I enjoyed reading about your Christmas mine was much the same as a child but in a different place and Christmas was hot and we often went swimming in the afternoon.
Merle..............

lousnewsandcraftycreations said...

Lovely post Janice ,and described my childhood Christmas to a T.I think we are around the same age and both grew up in the 50s .I lived in a town though,I’m a Coventry kid and still live here in Cov.
We are the same now and spend Christmas quietly just the two of us.My eldest daughter lives in Australia and my youngest works at Christmas.We are both OK though and enjoy the peace.Merry Christmas my dear and a happy healthy New Year.x

laurajane said...

Thank you for sharing your memories. These are the things I will pass on to Reina who so far is the only one to take an interest in "the family" history. Keep writing down the memories so that we have a place to find them. <3
Merry Christmas mom.

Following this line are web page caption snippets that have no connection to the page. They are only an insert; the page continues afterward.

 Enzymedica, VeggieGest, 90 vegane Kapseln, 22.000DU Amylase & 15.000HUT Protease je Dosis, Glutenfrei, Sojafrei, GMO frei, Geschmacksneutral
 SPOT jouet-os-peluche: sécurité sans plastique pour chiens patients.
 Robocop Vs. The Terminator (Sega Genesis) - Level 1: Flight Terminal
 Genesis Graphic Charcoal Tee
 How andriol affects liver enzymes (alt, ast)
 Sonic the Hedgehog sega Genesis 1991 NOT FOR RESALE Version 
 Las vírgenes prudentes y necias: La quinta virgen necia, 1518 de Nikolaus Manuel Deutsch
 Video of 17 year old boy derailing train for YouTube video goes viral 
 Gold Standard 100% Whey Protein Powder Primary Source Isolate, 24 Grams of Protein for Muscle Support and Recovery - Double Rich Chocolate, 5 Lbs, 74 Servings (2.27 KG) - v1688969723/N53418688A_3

The Christmases of our past will always be remembered by me at least with fondness. The times Alex drove us nuts with her terrible attitude. The boys home for the weekend and huge dinners prepared for us all by you which took hours to do and was demolished in 20 minutes! Games at the table and snacks in every part of the house also made by you which everyone helped themselves to until they were green and could eat no more.
It's good to hold on to the memories. It keeps everyone alive.